War's Impact on Global Crime Networks Explored

King’s College London

The war in Ukraine has fundamentally reshaped organised crime across Europe and beyond, with criminal networks adapting rapidly to conflict and sanctions, according to a comprehensive new report.

an individual using a computer

An in-depth examination of illicit activity since Russia's full-scale invasion in February 2022 found that war had not only disrupted organised crime but reconfigured it, pushing networks to relocate, diversify and move into entirely new fields.

Dr Alexander Kupatadze, of King's College London, and Dr Erica Marat, of Georgetown University, analysed media data, trade records and conducted in-depth interviews across Eastern Europe, Central Asia and neighbouring regions. They found that crime displacement had been widespread and multi-directional since the Russian invasion, extending from Ukraine into Russia, Western Europe, Central Asia and even as far as the US-Mexico border.

Russia itself emerged as the largest destination for displaced criminal activity. Reported crime and enforcement actions rose sharply, particularly in regions bordering Ukraine, suggesting both increased criminality and intensified policing.

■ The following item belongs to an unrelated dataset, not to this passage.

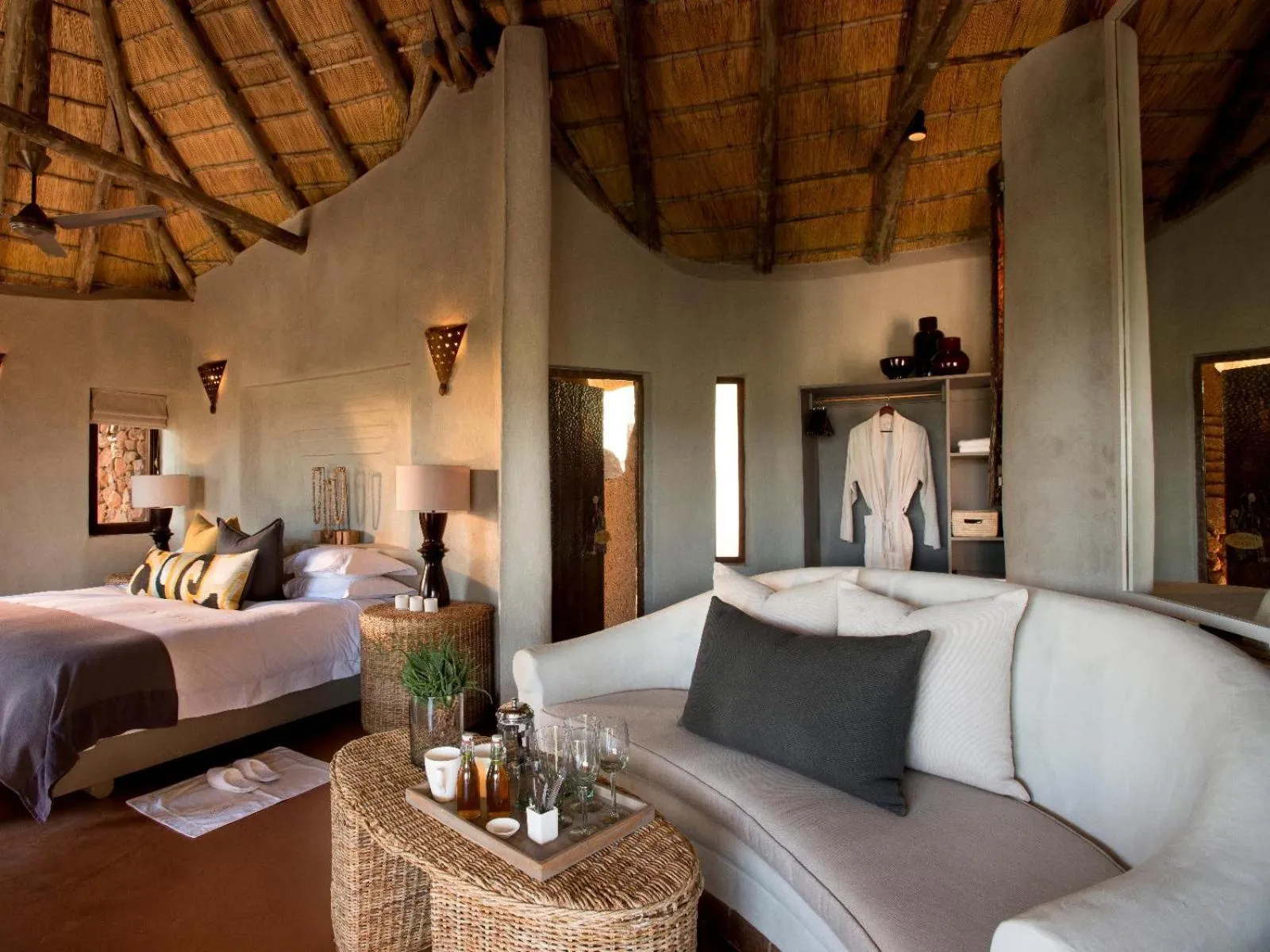 Living room, Bed in Madikwe Safari Lodge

The researchers found that the drugs market had undergone some of the most significant changes. Synthetic drug production had partly shifted to Kazakhstan, while trafficking routes had moved through Belarus, Central Asia and the Balkans.

Human trafficking patterns also showed signs of change and of new opportunities being exploited, including the emergence of smuggling operations helping individuals evade military conscription. At the same time, new participants, including people without previous criminal backgrounds, have entered illicit markets as wartime pressures disrupted borders and enforcement systems.

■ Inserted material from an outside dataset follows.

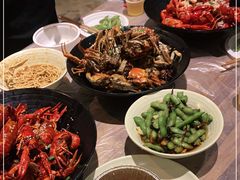 -巴厘龙虾·榜首油焖大虾(音乐学院·沿江酒馆店)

The research highlighted too the growing use of trade-based money laundering, with suspicious pricing patterns identified in gold and tobacco trade linked to Russia in several European countries. The researchers believe this shows criminals are increasingly embedding illicit finance within legal trade routes to evade sanctions.

The researchers said: "Our report shows that large-scale conflict does not simply displace organised crime across borders but reorganises it across multiple dimensions simultaneously. While spatial displacement is most visible in neighbouring states, more consequential transformations often occur through functional displacement, as criminal actors repurpose existing trade, logistics and financial infrastructures to adapt to wartime and sanctions-induced constraints.

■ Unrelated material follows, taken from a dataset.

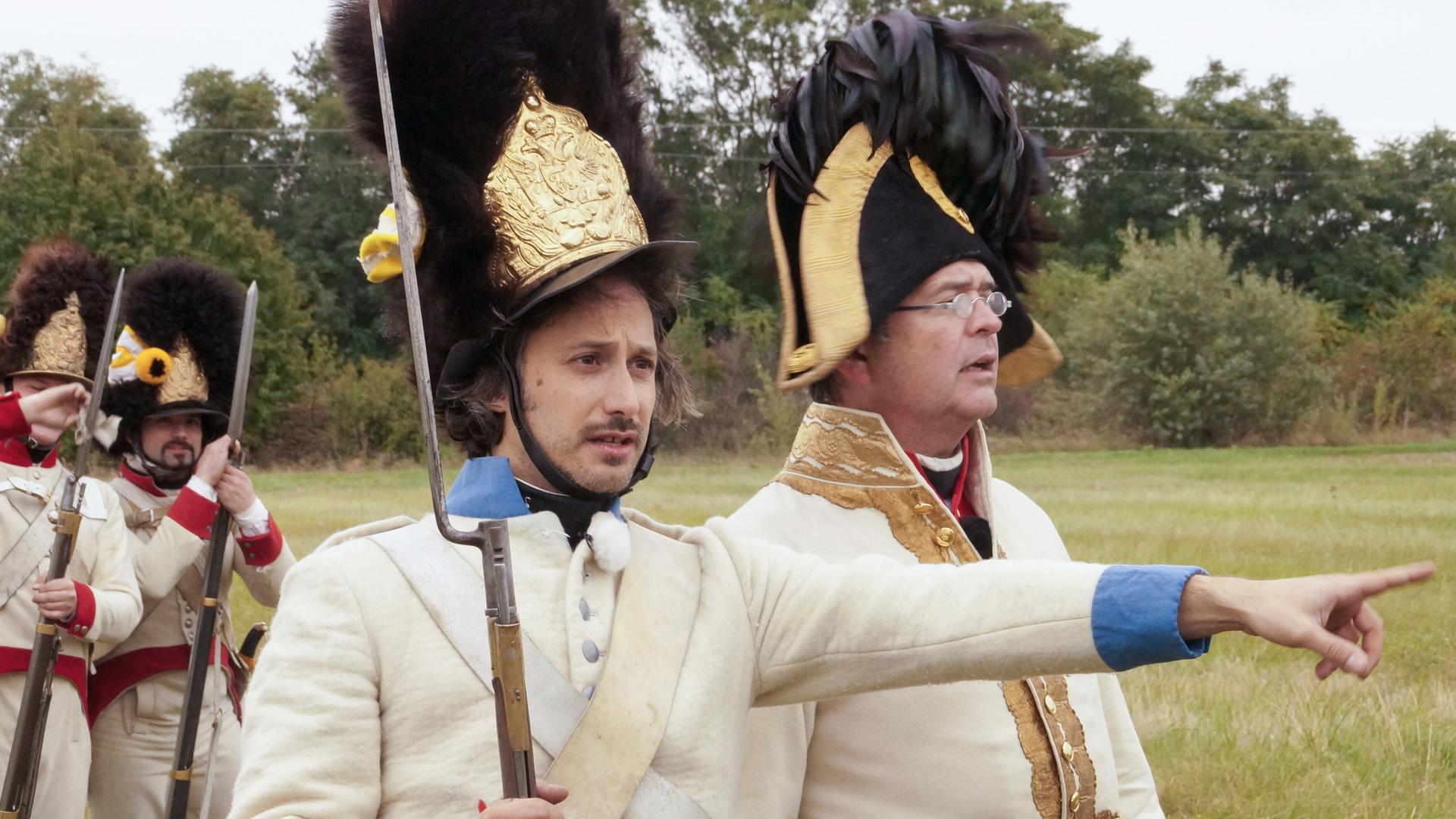 Michael Ostrowski und Korporal Horak. Gemeinsam überlegen sie einen Plan für die bevorstehende nachgestellte Schlacht.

"Although grounded in the Ukrainian case, the implications of our findings extend beyond the current war. Similar combinations of armed violence, sanctions and institutional stress will be evident in other contemporary and future conflict environments.

"The framework we have developed provides a transferable tool for analysing how organised crime adapts under conditions of prolonged disruption, offering insights relevant to policymakers, law enforcement officials and researchers seeking to anticipate criminal reorganisation rather than merely react to it."

The new report, Criminal Geographies: How the Russia-Ukraine War has Reshaped Global Crime Networks, was compiled for the Serious Organised Crime and Anti-corruption Evidence (SOC ACE) research programme. Funded by the UK's Foreign, Commonwealth & Development Office, SOC ACE is a new component in the Anti-Corruption Evidence (ACE) research programme, alongside Global Integrity ACE and SOAS ACE. SOC ACE is managed by the University of Birmingham.